Le feuilleton du fifre – Entretien avec Lothaire Mabru
Dans ce nouvel épisode du “Feuilleton du fifre”, Sylvain Roux s’entretient avec Lothaire Mabru, maître de conférences HDR et directeur de recherches au laboratoire ARTES de l’Université Bordeaux-Montaigne. D’abord collecteur et analyste des pratiques musicales en milieu rural de 1980 à 1992, puis chercheur indépendant jusqu’en 1998, Lothaire Mabru s’intéresse aussi bien aux pratiques musicales dites traditionnelles que savantes. Il est l’auteur de nombreuses publications sur les musiques traditionnelles en Aquitaine et en Suisse, la lutherie, le violon et sa pratique.
1/ A quelle époque t’es-tu intéressé au fifre, dans quelles circonstances ?
J’ai, de façon générale, commencé mes recherches sur la musique instrumentale dans les Landes de Gascogne, en décembre 1979, en recherchant des musiciens pouvant témoigner d’une pratique : vielle, cornemuse, violon, flûte à trois trous et fifre. Mais c’était une démarche individuelle et personnelle. L’année suivante, déclarée « Année du patrimoine » m’a permis d’être recruté par la délégation départementale à la musique en Gironde pour faire un état des lieux des « musiques traditionnelles », qui a débouché sur le petit ouvrage intitulé « Musiques en sentiers ». Dans ce cadre, j’ai découvert la pratique du fifre en sud Gironde, et m’y suis intéressé au même titre que les autres pratiques instrumentales.
2/ Tes recherches sur le fifre t’ont mené en Sud-Gironde, pourquoi le choix de cette région ? Le fifre était-il encore utilisé traditionnellement dans cette région ? Quelles étaient les occasions de jeu ? Quel répertoire était joué ? Comment expliques-tu la présence relativement importante de cet instrument ici ?

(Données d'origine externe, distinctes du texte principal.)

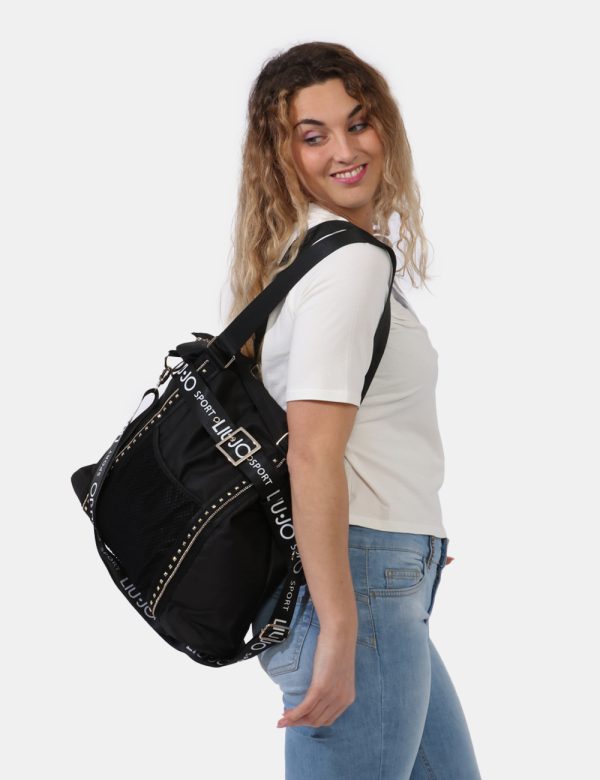 Borse Liu-Jo Nero - Borsa shopping a tracolla di grandi dimensioni in total nero con dettagli coordinati e piccole borchie.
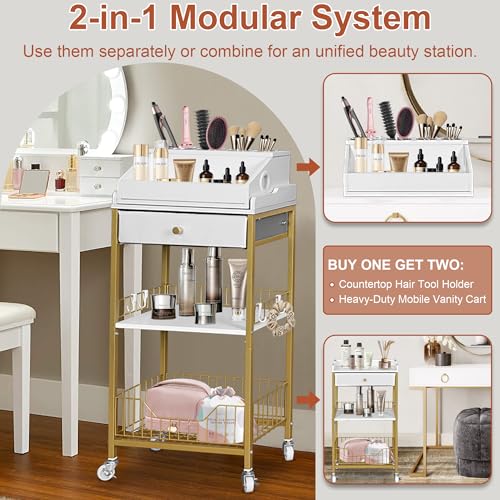 Makeup Organizer Cart, Rolling Vanity Storage, Gold and White - Image 4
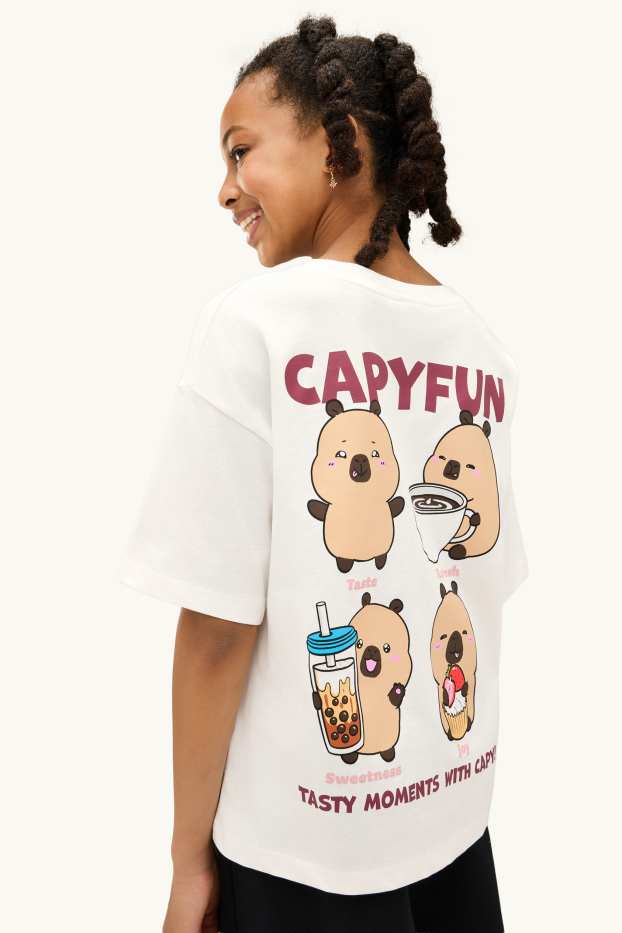 Dzieci dziewczynki - CapyFun - koszulka z krótkim rękawem - biały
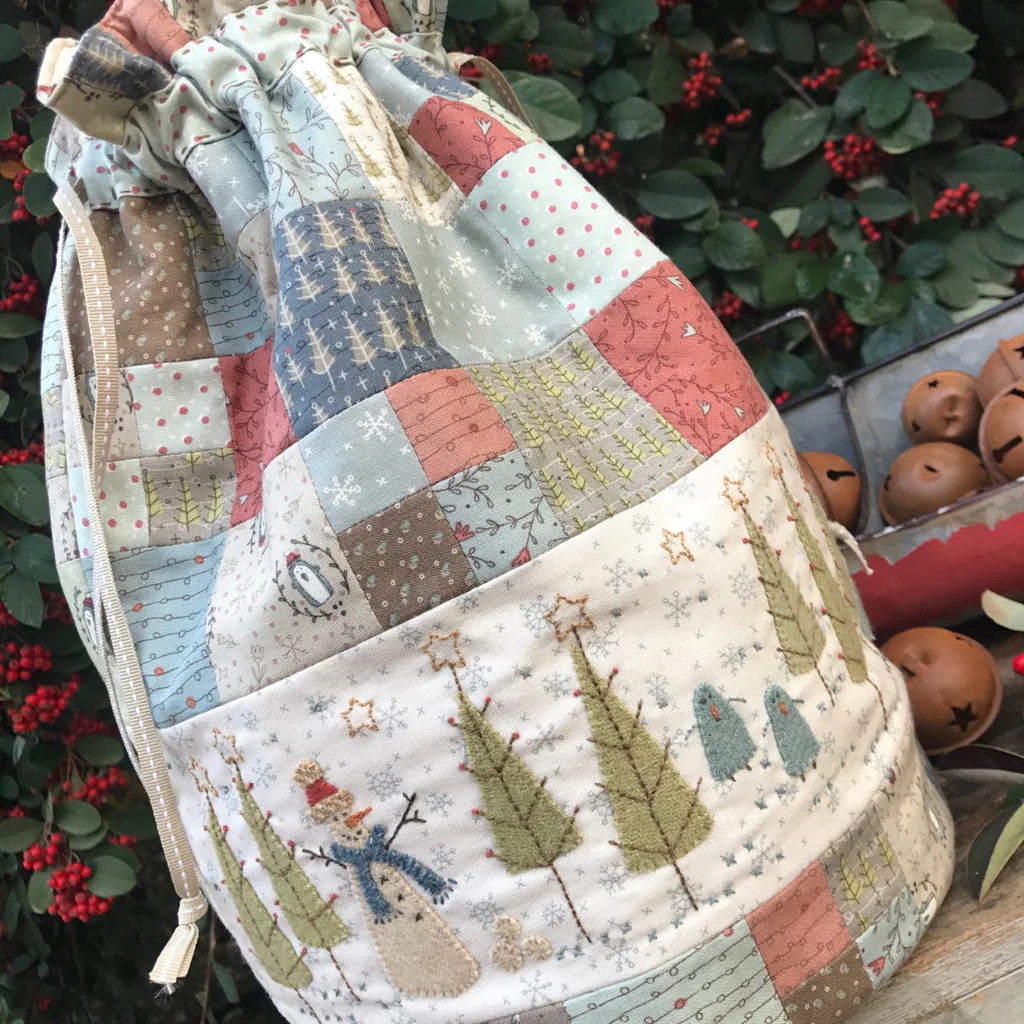 ‘All is Merry & Bright’ Bag/ Gift Sack Pattern by Hatched & Patched
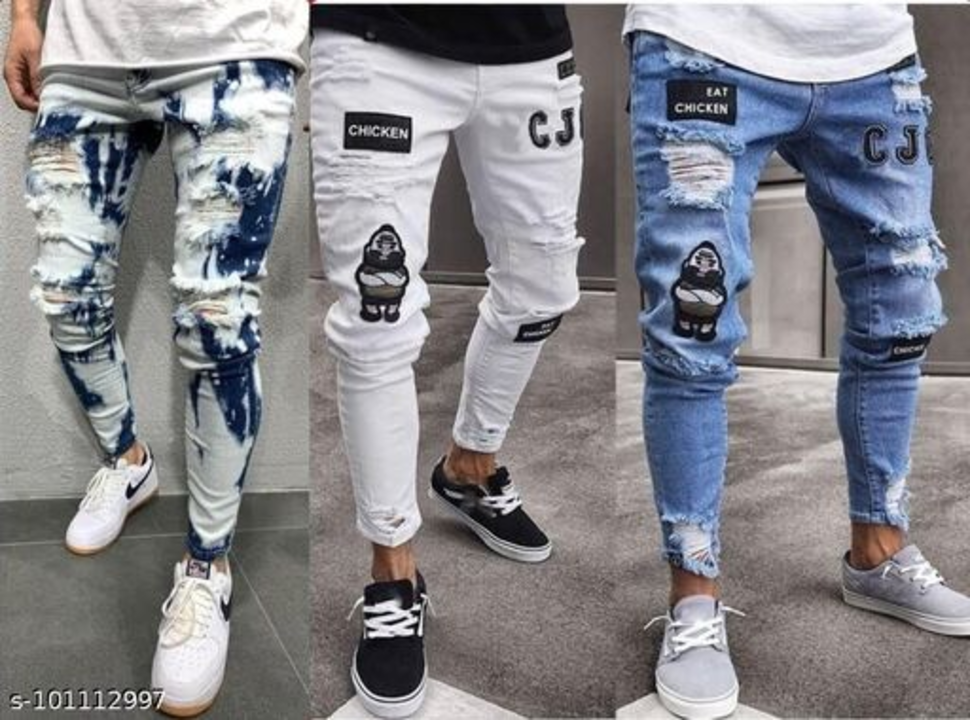 Men's fancy letest design jeans uploaded by Radha on 6/3/2022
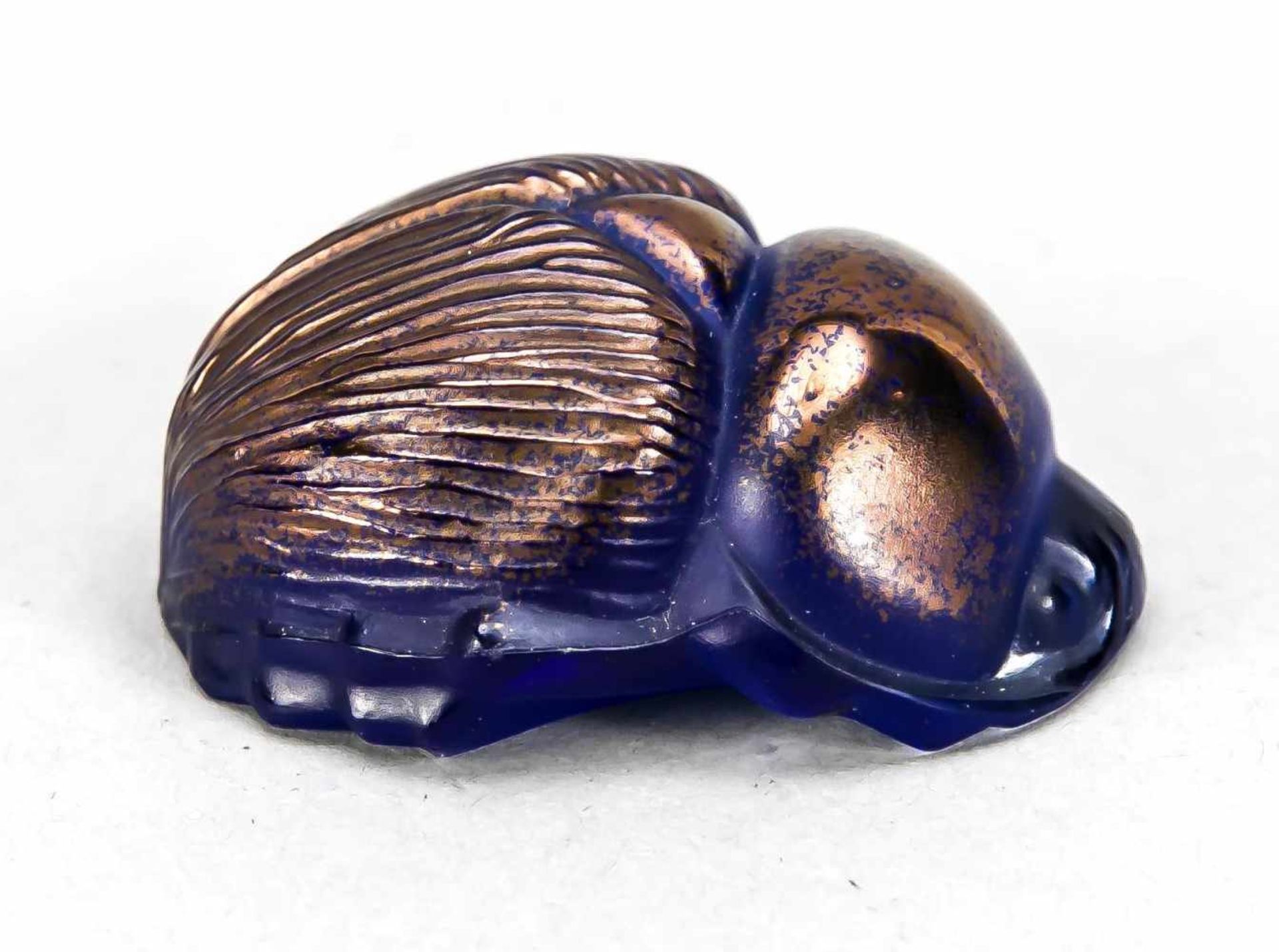 Scarab, France, 2nd half of the 20th century, Lalique, blue, lustrous glass, signed in the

Tout simplement parce qu’il y avait là une pratique vivante de l’instrument, lors de tournées de conscrits, de promenades des bœufs gras, maïades, mais aussi match de football, rallye automobile, entre autres. Le répertoire se composait pour partie d’airs à danser (valses, polkas, scottishs essentiellement) mais, pour la plus grande part, de marches. La présence de l’instrument – toujours associé au tambour et à la grosse caisse – s’explique par le fait qu’il avait une utilité sociale. La fête des bœufs gras, par exemple, a fait beaucoup pour le maintien du fifre et du tambour, car la race bovine bazadaise, anciennement race de travail, avait été convertie en race à viande, et devait se faire connaître comme telle. La promenade des bœufs gras, jadis pratiquée dans toute la France, y compris à Paris, s’est maintenue et, avec elle, les instruments qui la sonorise. Il y a aussi le fait que le Bazadais est une région agricole attaché à ses traditions, et qui a maintenu, jusque dans les années 1990, la tournée des conscrits, et aujourd’hui encore la maïade. La présence du fifre, dans le groupe folklorique de Bazas, a aussi contribué à maintenir son jeu.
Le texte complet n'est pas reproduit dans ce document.